Sen. Bob Menendez D-Ill., on Monday joined several of his Democratic colleagues in denouncing Saudi Arabia over its recent decision to cut oil production. File Photo by Ken Cedeno/UPI
Sen. Bob Menendez D-Ill., on Monday joined several of his Democratic colleagues in denouncing Saudi Arabia over its recent decision to cut oil production. File Photo by Ken Cedeno/UPI | License Photo

Oct. 11 (UPI) -- Sen. Bob Menendez called for an immediate freeze to all U.S. cooperation with Saudi Arabia, including arms sales, in response to its move to cut oil production amid already strained supplies due to Russia's war in Ukraine.

The senior Democratic senator and chair of the Senate foreign relations committee made his warning Monday as several members of his party have accused the Middle Eastern country of supporting Russia's war when the Organization of the Petroleum Exporting Countries decided last week to cut production by 2 million barrels of oil per day.

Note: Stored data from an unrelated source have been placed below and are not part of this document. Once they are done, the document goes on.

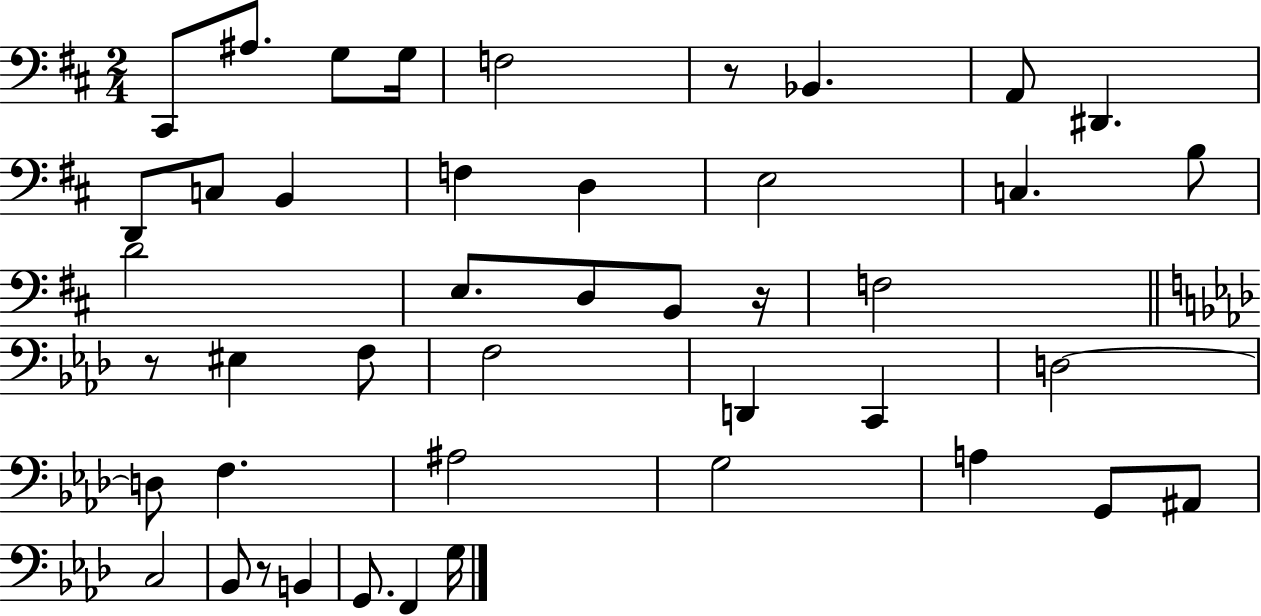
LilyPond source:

{
  \clef bass
  \numericTimeSignature
  \time 2/4
  \key d \major
  cis,8 ais8. g8 g16 | f2 | r8 bes,4. | a,8 dis,4. | \break d,8 c8 b,4 | f4 d4 | e2 | c4. b8 | \break d'2 | e8. d8 b,8 r16 | f2 | \bar "||" \break \key aes \major r8 eis4 f8 | f2 | d,4 c,4 | d2~~ | \break d8 f4. | ais2 | g2 | a4 g,8 ais,8 | \break c2 | bes,8 r8 b,4 | g,8. f,4 g16 | \bar "|."
}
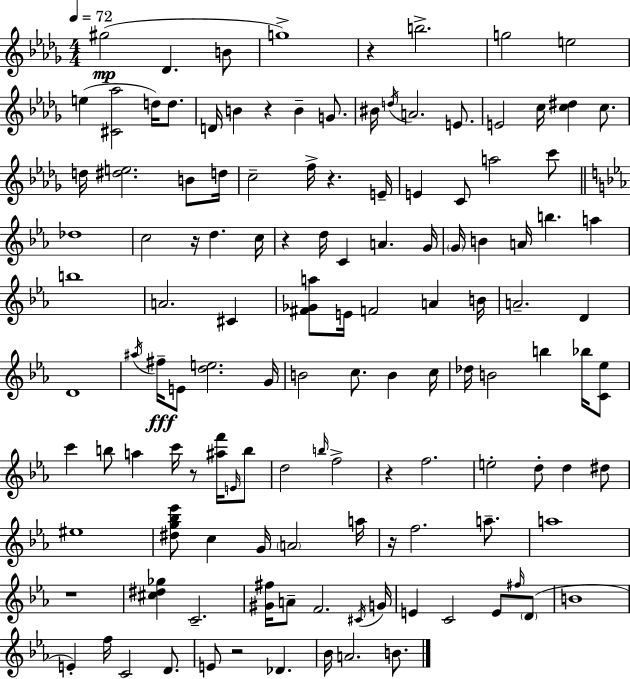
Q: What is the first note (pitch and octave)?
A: G#5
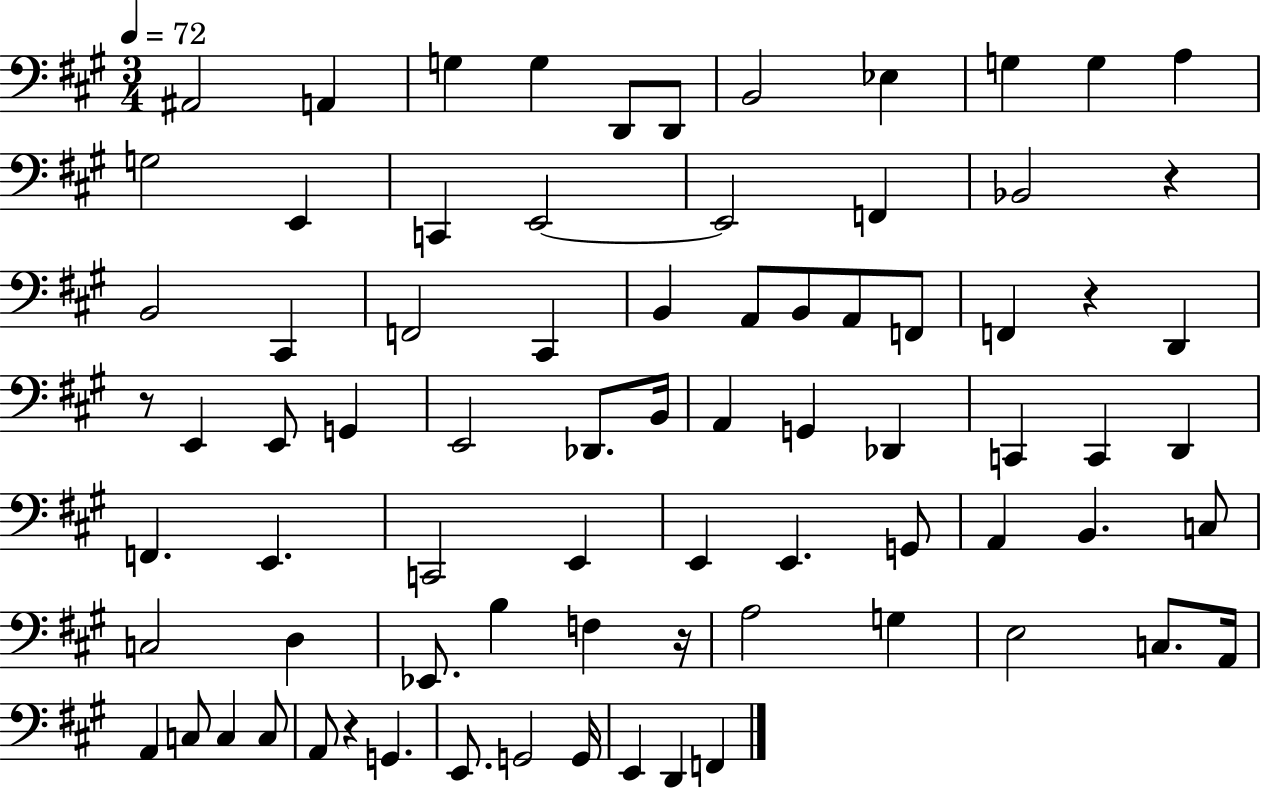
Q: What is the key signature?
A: A major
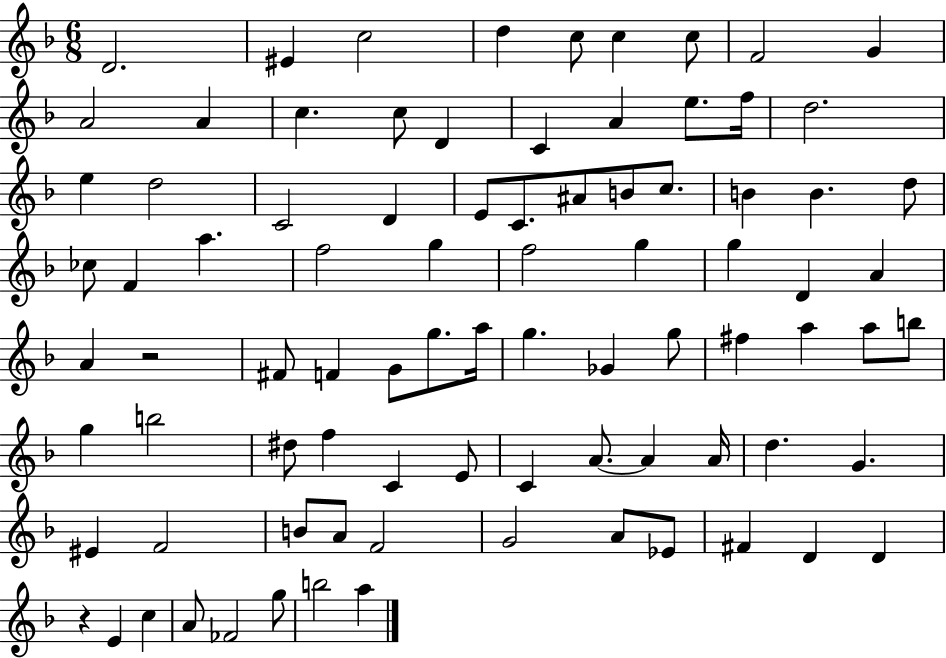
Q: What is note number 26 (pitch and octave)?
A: A#4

"The United States must immediately freeze all aspects of cooperation with Saudi Arabia, including any arms sales and security cooperation beyond what is absolutely necessary to defend U.S. personnel and interests," the New Jersey senator said in a statement. "As chairman of the senate foreign relations committee, I will not green-light any cooperation with Riyadh until the kingdom reassesses its position with respect to the war in Ukraine.


"Enough is enough."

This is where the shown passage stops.